(Beginning of Source data)
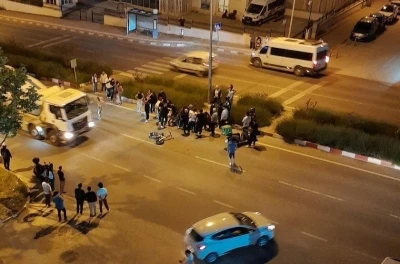 Bilecik&rsquo;te motosiklet ile elektrikli bisikletin &ccedil;arpışması sonucu 1&rsquo;i ağır 3 kişi yaralandı
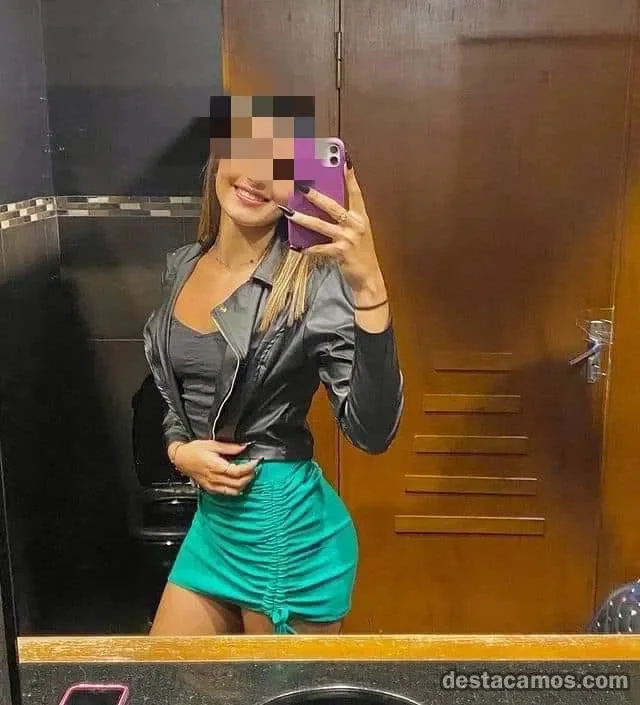 Escort latina curvy en León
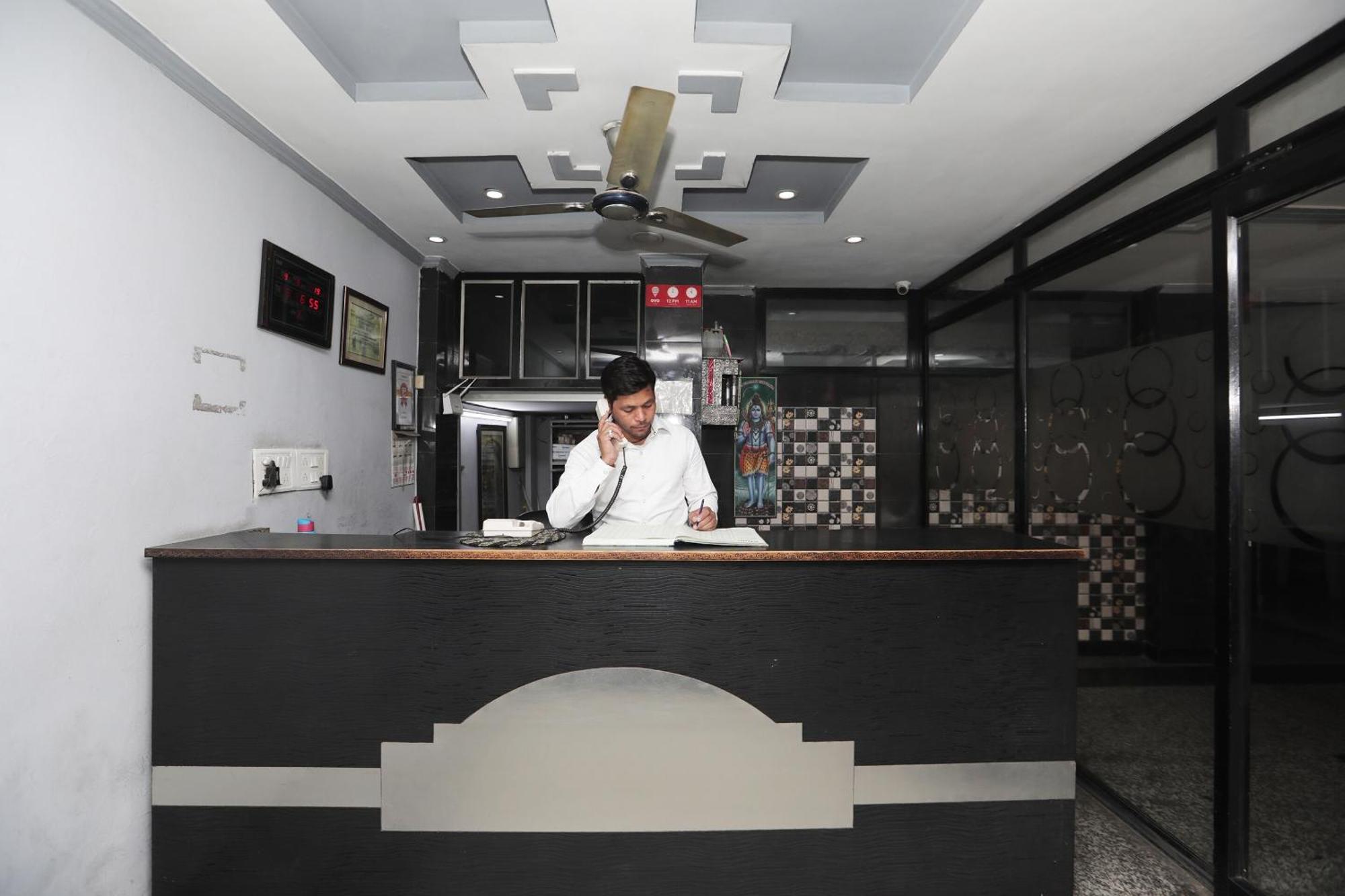 Super Hotel O Athithi Ghaziabad Esterno foto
(End of Source data)
• [Exercise goal]
The final stretch of the data, from the line with "Escort latina curvy en León" through its last line, is to be retyped exactly; pictures are not part of the copy.

• [Solution below]
 Escort latina curvy en León
 Super Hotel O Athithi Ghaziabad Esterno foto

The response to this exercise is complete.